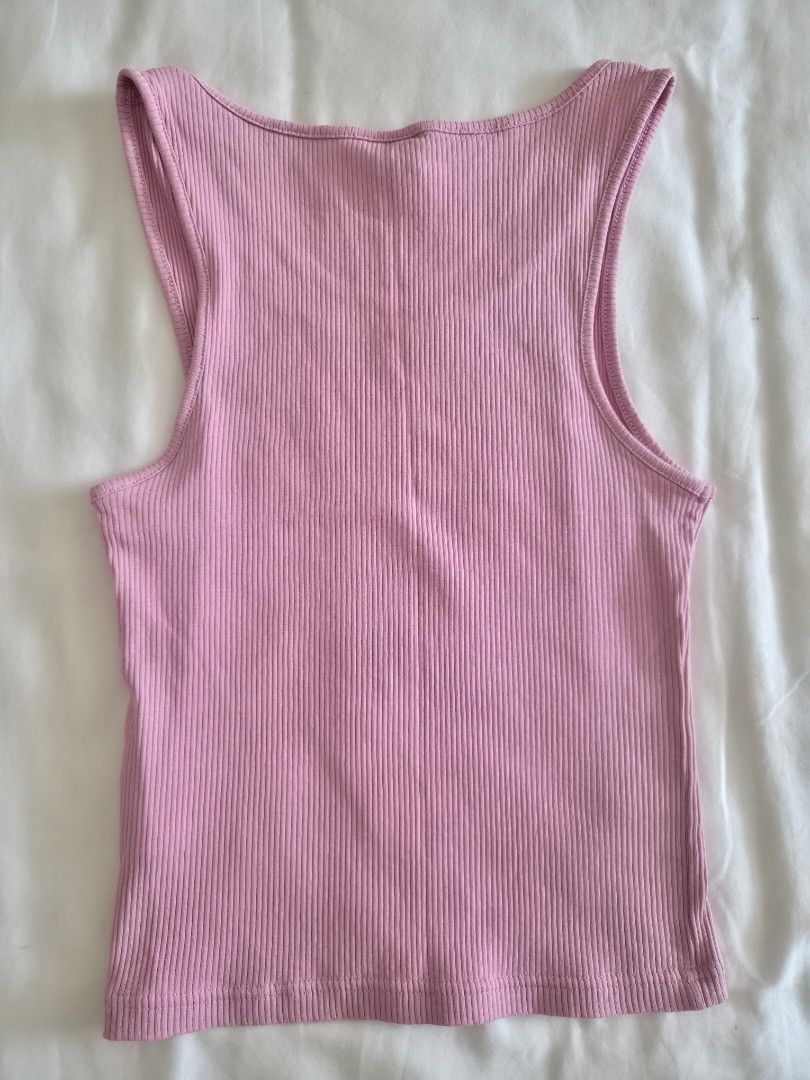 Divided H&M Basic Pink Ribbed Tank Top (Category: Sleeveless) located in Quezon City. Submitted by corrnic (Listing ID 1466027195, Image 3). Description: - Brand: Divided H&M Basic - Color: Pink - Size: S (fits true to size, great stretch) - Style: Sleeveless, scoop neckline, form-fitting, hip length - Condition: Clean, no flaws found - Perfect everyday basic top, easy to style with shorts or jeans.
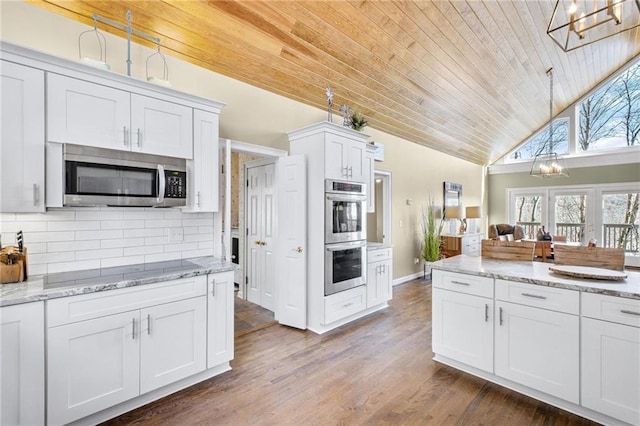 kitchen featuring appliances with stainless steel finishes, wood ceiling, a chandelier, and backsplash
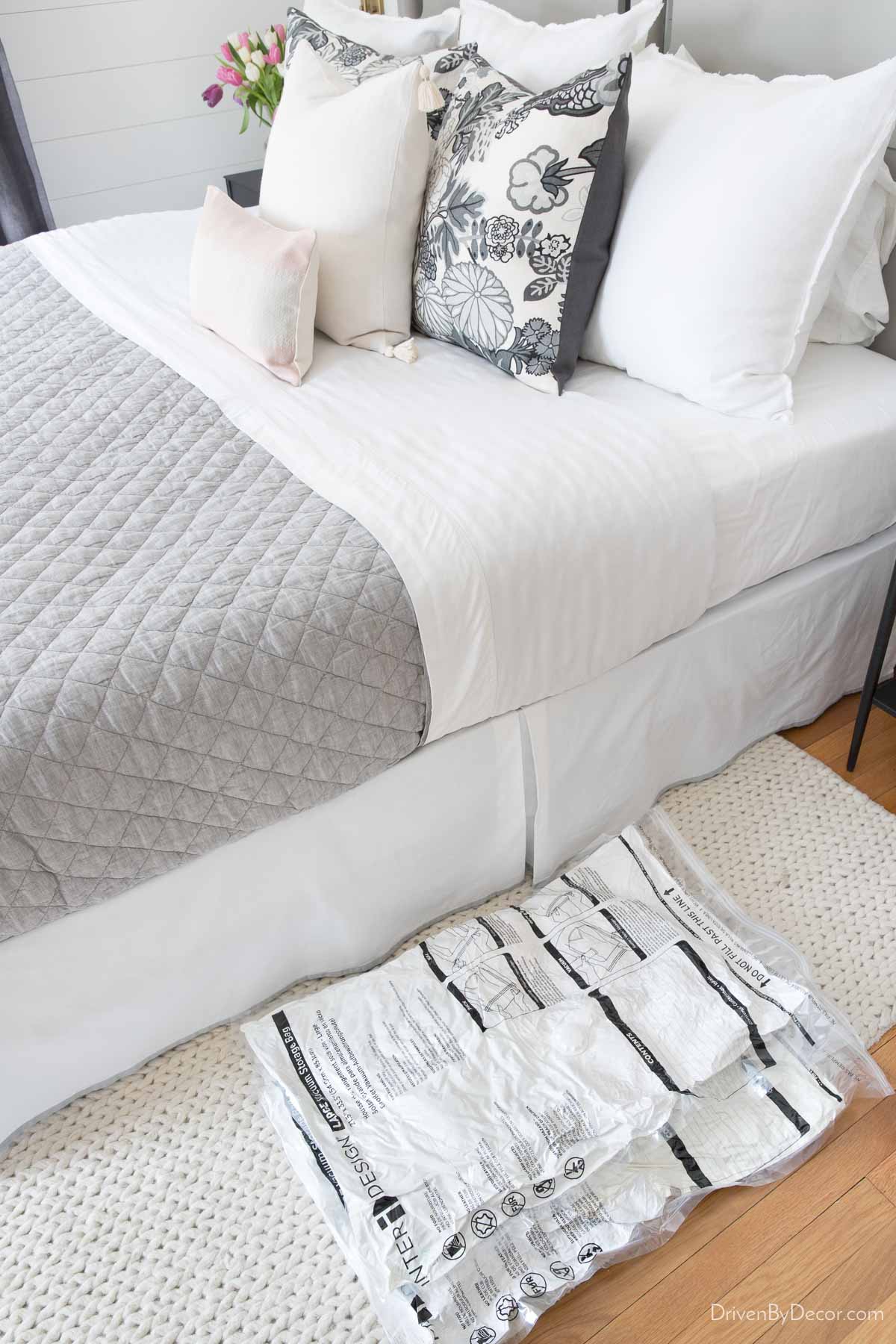 Vacuum storage bags going under a bed as a bedroom organization idea
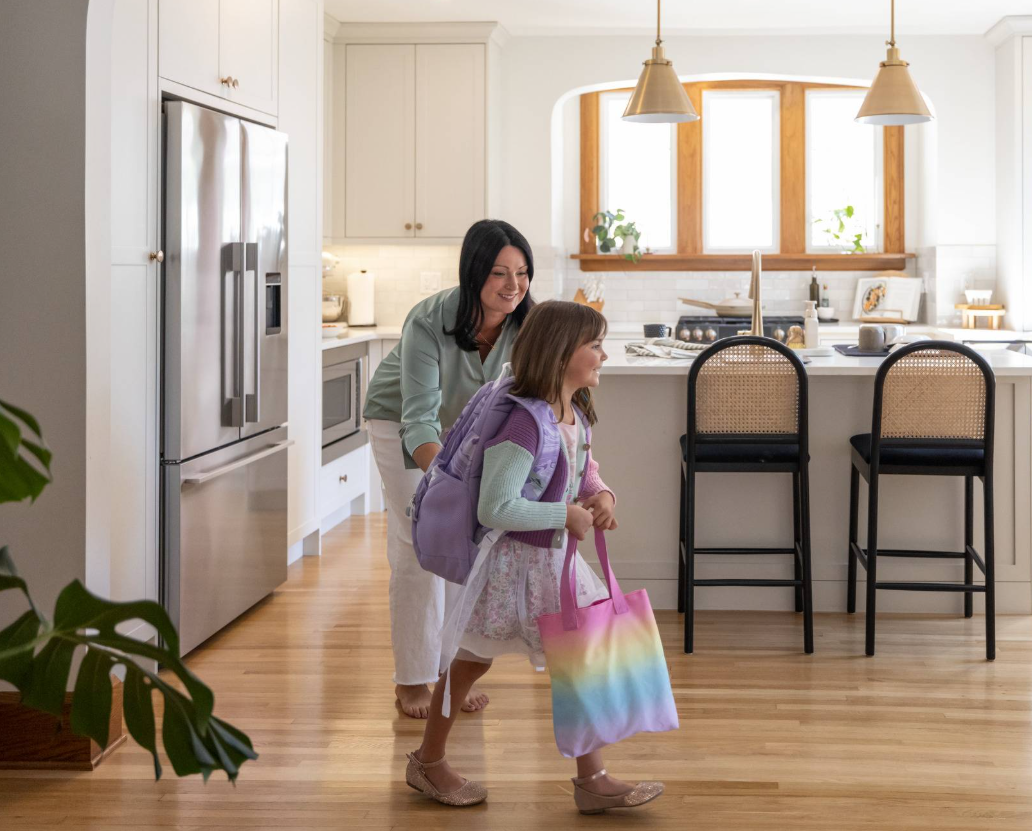A parent and child together in their kitchen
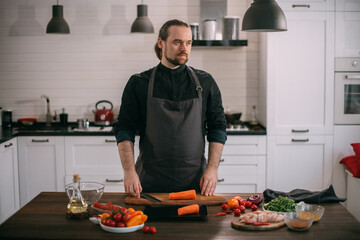 A male cook prepares vegetables at home in the kitchen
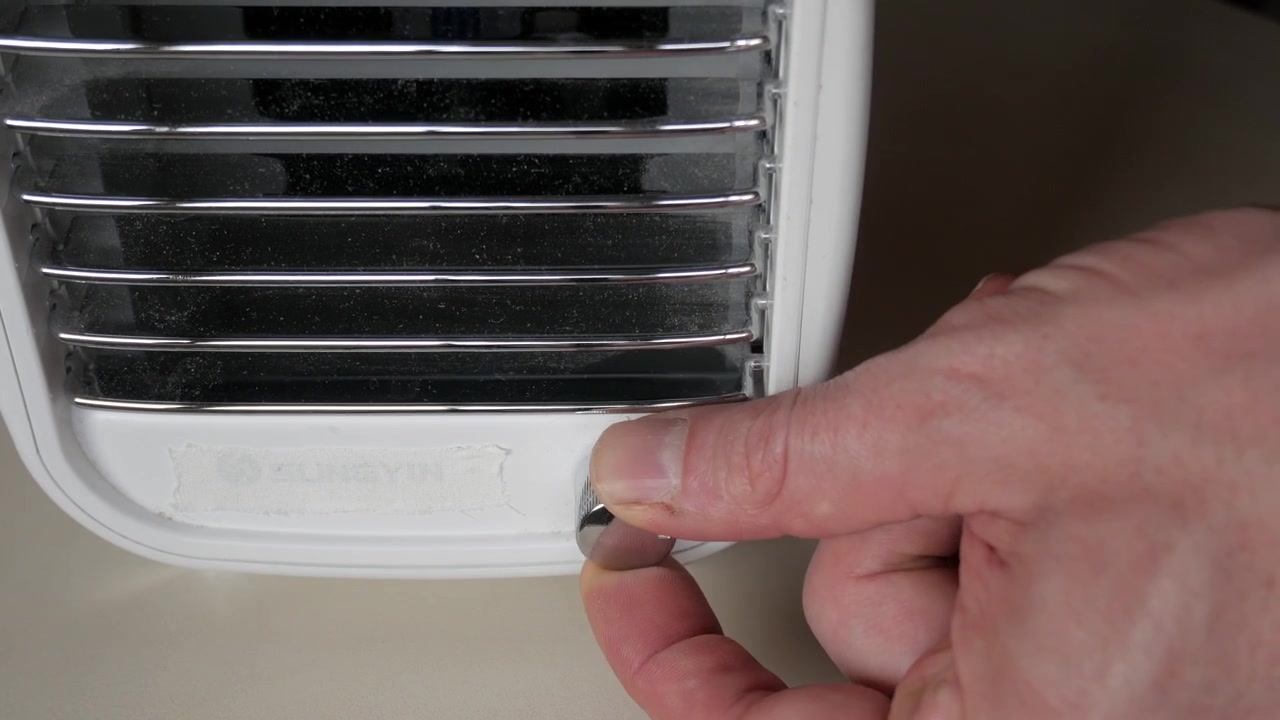 Male hand adjusts fan speed turning knob and tilts ventilation slats
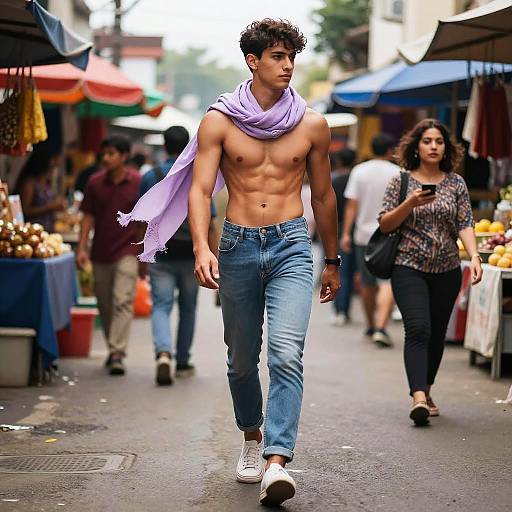 Photograph of a muscular, shirtless young man with a purple scarf, blue jeans, and white sneakers walking down a busy, colorful street market with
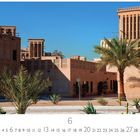 "Wind Towers in Bastakiya", eine Szene mit traditionellen Lehmgebäuden und Windtürmen unter klarem blauem Himmel.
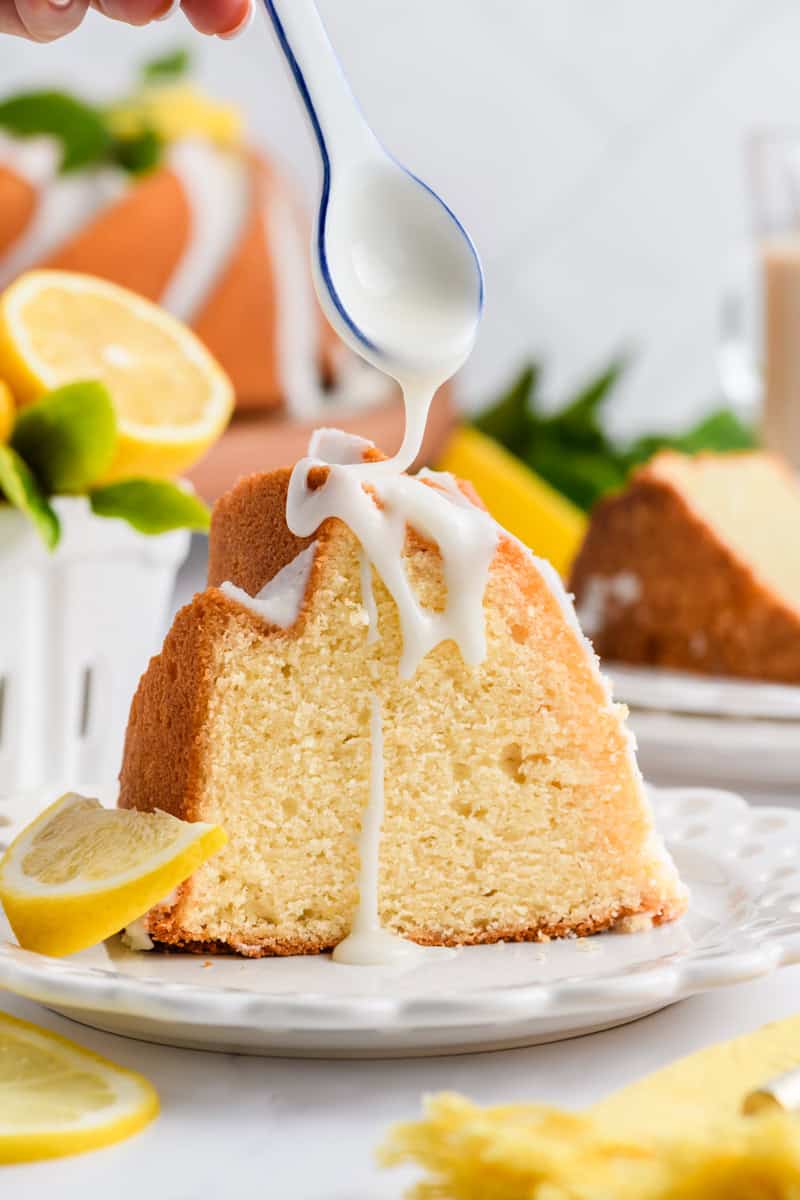 Close ups shot of slice of Lemon Bundt Cake with glaze being drizzled on top.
##############################
- [What to do]
No images belong in the copy. Transcribe every record exactly.

- [Output]
 Divided H&M Basic Pink Ribbed Tank Top (Category: Sleeveless) located in Quezon City. Submitted by corrnic (Listing ID 1466027195, Image 3). Description: - Brand: Divided H&M Basic - Color: Pink - Size: S (fits true to size, great stretch) - Style: Sleeveless, scoop neckline, form-fitting, hip length - Condition: Clean, no flaws found - Perfect everyday basic top, easy to style with shorts or jeans.
 kitchen featuring appliances with stainless steel finishes, wood ceiling, a chandelier, and backsplash
 Vacuum storage bags going under a bed as a bedroom organization idea
A parent and child together in their kitchen
 A male cook prepares vegetables at home in the kitchen
 Male hand adjusts fan speed turning knob and tilts ventilation slats
 Photograph of a muscular, shirtless young man with a purple scarf, blue jeans, and white sneakers walking down a busy, colorful street market with
 "Wind Towers in Bastakiya", eine Szene mit traditionellen Lehmgebäuden und Windtürmen unter klarem blauem Himmel.
 Close ups shot of slice of Lemon Bundt Cake with glaze being drizzled on top.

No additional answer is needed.